Table of Contents
Model selection
Summary
Home Technology peripherals AI In the post-Sora era, how do CV practitioners choose models? Convolution or ViT, supervised learning or CLIP paradigm

In the post-Sora era, how do CV practitioners choose models? Convolution or ViT, supervised learning or CLIP paradigm

Feb 19, 2024 am 09:57 AM
Model Vision

ImageNet accuracy was once the main indicator for evaluating model performance, but in today's computational vision field, this indicator gradually appears to be incomplete.

As computer vision models have become more complex, the variety of available models has increased significantly, from ConvNets to Vision Transformers. Training methods have also evolved to self-supervised learning and image-text pair training like CLIP, and are no longer limited to supervised training on ImageNet.

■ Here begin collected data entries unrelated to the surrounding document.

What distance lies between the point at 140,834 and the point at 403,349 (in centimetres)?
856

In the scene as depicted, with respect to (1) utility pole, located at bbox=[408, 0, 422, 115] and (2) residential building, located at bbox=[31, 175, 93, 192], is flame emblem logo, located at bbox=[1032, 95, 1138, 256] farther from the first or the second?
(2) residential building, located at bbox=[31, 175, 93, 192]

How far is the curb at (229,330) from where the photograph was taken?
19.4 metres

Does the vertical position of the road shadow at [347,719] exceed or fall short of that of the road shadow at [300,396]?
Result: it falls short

Although the accuracy of ImageNet is an important indicator, it is not sufficient to fully evaluate the performance of the model. Different architectures, training methods, and data sets may cause models to perform differently on different tasks, so relying solely on ImageNet to judge models may have limitations. When a model overfits the ImageNet dataset and reaches saturation in accuracy, the model's generalization ability on other tasks may be overlooked. Therefore, multiple factors need to be considered to evaluate the performance and applicability of the model.

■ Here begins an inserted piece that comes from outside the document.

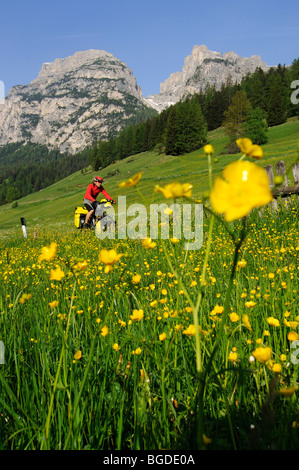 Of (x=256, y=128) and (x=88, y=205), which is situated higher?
(x=256, y=128)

Although CLIP's ImageNet accuracy is similar to ResNet, its visual encoder is more robust and transferable. This prompted researchers to explore the unique advantages of CLIP that were not apparent when considering only ImageNet metrics. This highlights the importance of analyzing other properties to help discover useful models.

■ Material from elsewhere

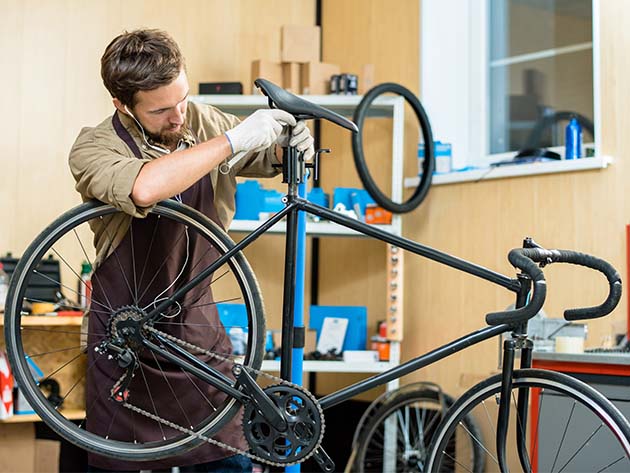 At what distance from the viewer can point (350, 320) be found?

Beyond this, traditional benchmarks cannot fully assess a model’s ability to handle real-world visual challenges, such as various camera angles, lighting conditions, or occlusions. Models trained on datasets such as ImageNet often find it difficult to leverage their performance in practical applications because real-world conditions and scenarios are more diverse.

These questions have brought new confusion to practitioners in the field: How to measure a visual model? And how to choose a visual model that suits your needs?

In a recent paper, researchers from MBZUAI and Meta conducted an in-depth discussion on this issue.

In the post-Sora era, how do CV practitioners choose models? Convolution or ViT, supervised learning or CLIP paradigm


  • Paper title: ConvNet vs Transformer, Supervised vs CLIP: Beyond ImageNet Accuracy
  • Paper link: https://arxiv.org/pdf/2311.09215.pdf

The research focuses on model behavior beyond ImageNet accuracy, analyzing the performance of major models in the field of computer vision, including ConvNeXt and Vision Transformer (ViT), which perform well in supervised and CLIP training paradigms lower performance.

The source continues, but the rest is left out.